▶ [DIRECTIONS FOR THIS TASK] Copy out each line below verbatim, skipping any picture.

*** Opening of DATA BELOW ***

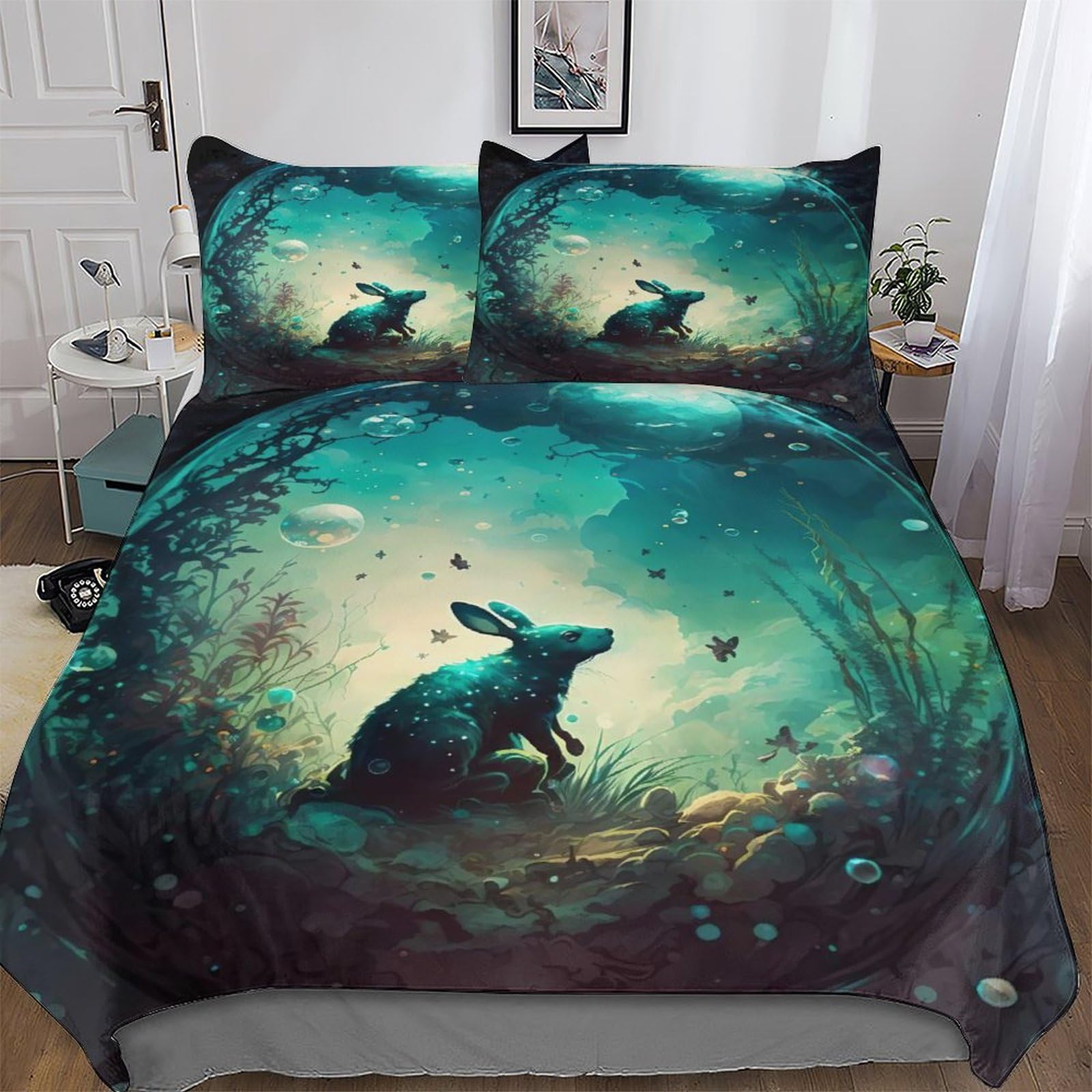Linge de lit lapin microfibre avec fermeture éclair pratique parure 3 pièces King 220x240cm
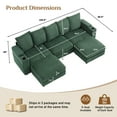 thumbnail image 3 of Wiilayok 110" Oversized U-Shaped Cloud Couch Sectional with Modular Design for Living Room: Comfy Corduroy, Ottoman, USB Port, Cup Holder, Armrest Storage, Side Pocket, Green, 3 of 9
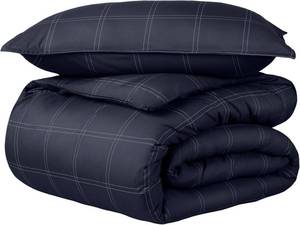 lot 1569 image: Bare Home Bedding Duvet Cover Set Extra Long Size - Premium 1800 Collection - Lightweight, Cooling - Soft Textured (TwinTwin XL, Modern Plaid - Midnight BlueWhite)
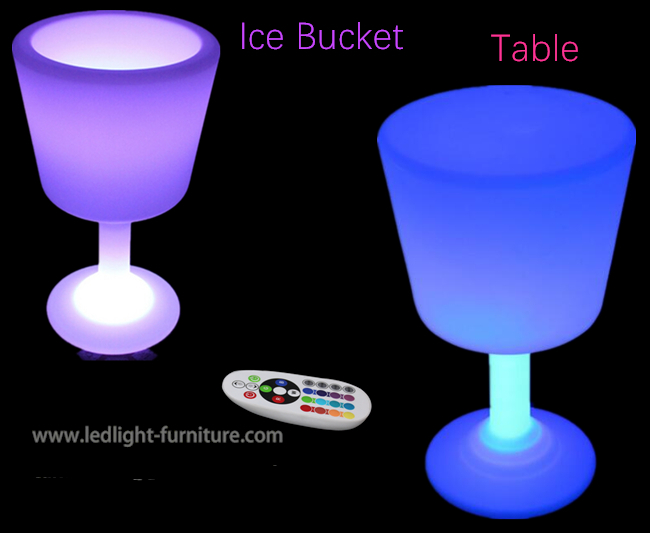 La progettazione speciale LED accende la Tabella laterale a pile con forma di vetro di vino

*** Close of DATA BELOW ***

▶ [TASK RESPONSE]
Linge de lit lapin microfibre avec fermeture éclair pratique parure 3 pièces King 220x240cm
 thumbnail image 3 of Wiilayok 110" Oversized U-Shaped Cloud Couch Sectional with Modular Design for Living Room: Comfy Corduroy, Ottoman, USB Port, Cup Holder, Armrest Storage, Side Pocket, Green, 3 of 9
 lot 1569 image: Bare Home Bedding Duvet Cover Set Extra Long Size - Premium 1800 Collection - Lightweight, Cooling - Soft Textured (TwinTwin XL, Modern Plaid - Midnight BlueWhite)
 La progettazione speciale LED accende la Tabella laterale a pile con forma di vetro di vino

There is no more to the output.